Travis reciprocates. There follows a torrid but brief relationship and
they part to go to separate colleges, Travis on the West coast, Craig
on the East. As it often the case in such circumstances, after a
desultory correspondence their relationship lapses.
Craig qualifies as a lawyer, acquiring a business partner, Charleen,
and a controlling life partner, Clayton, who runs a successful hardware
business.
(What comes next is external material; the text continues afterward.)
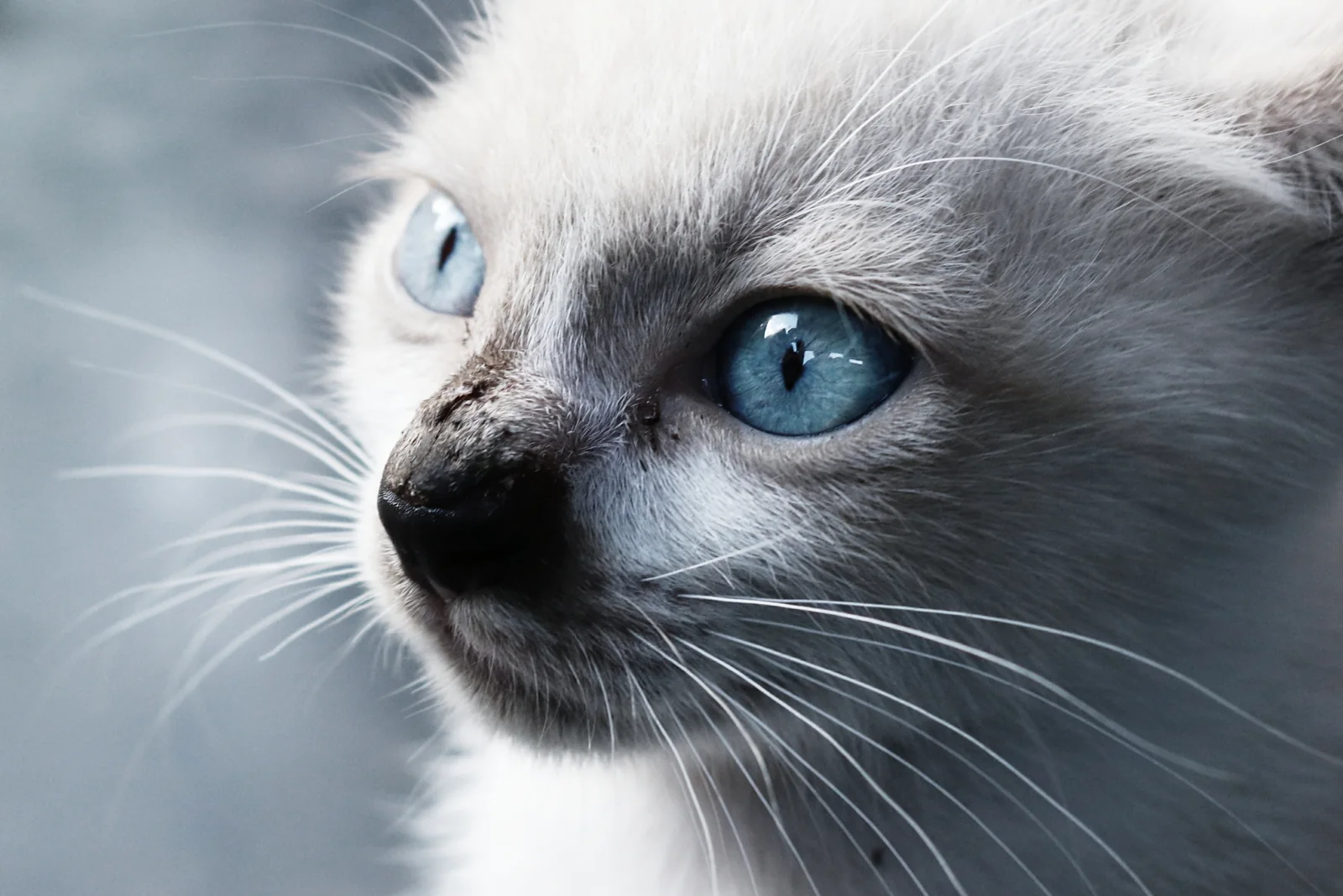 Gato Balinés de ojos azules y patrón colorpoint tumbado sobre una superficie clara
Travis becomes a history professor and has a series of
short-lived relationships. No one ever matches up to Craig. He is
haunted by the memory of what they had. Craig has lived happily, on and
off, with Clayton for fourteen years but is chafing at the bit; he
feels that Clayton is too ready to keep him under wraps and too anxious
to rein in his crusading spirit. He learned his radicalism from Travis
who was in this, as in all else, an excellent and inspiring teacher.
After twenty years in the emotional wilderness Travis decides to seek
Craig out to see what has become of him and to see what happens. Maybe
there’s a chance Craig has not forgotten him. There follows a long
period of sleuthing during which Travis gets himself into several
scrapes, along the way winning the admiration of several people
predisposed to regard him as a lunatic. When he finds that Craig is in
a relationship honour holds him back. The resolution of his dilemma
forms the epilogue of the book.
Mr. Kluger has, it must be said, cleverly re-invented the
eighteenth-century epistolary novel, expanding it beyond the confines
of the letter to include journals, memoranda, faxes, telephone calls
and emails. This device enables the reader to follow what is going on
from a variety of viewpoints. The voices of all the protagonists are
heard and the reader is granted omniscience. The story is recounted
with great good humour and wit. At several points I found myself
laughing aloud. My enjoyment would have been greater had the book’s
major point of reference not been baseball. Too often parallels were
drawn with long-dead players, long-gone matches and various match
strategies. Many of the sporting allusions were quite baffling.
This may be because of a cultural handicap from which I suffer, but the
book would have had even wider appeal to those of us unfamiliar with
the finer points, or even any of the points, of the game, without this
obsessing over baseball diamonds. Nevertheless, it is a very enjoyable
book and one to raise the spirits – well worth several reads.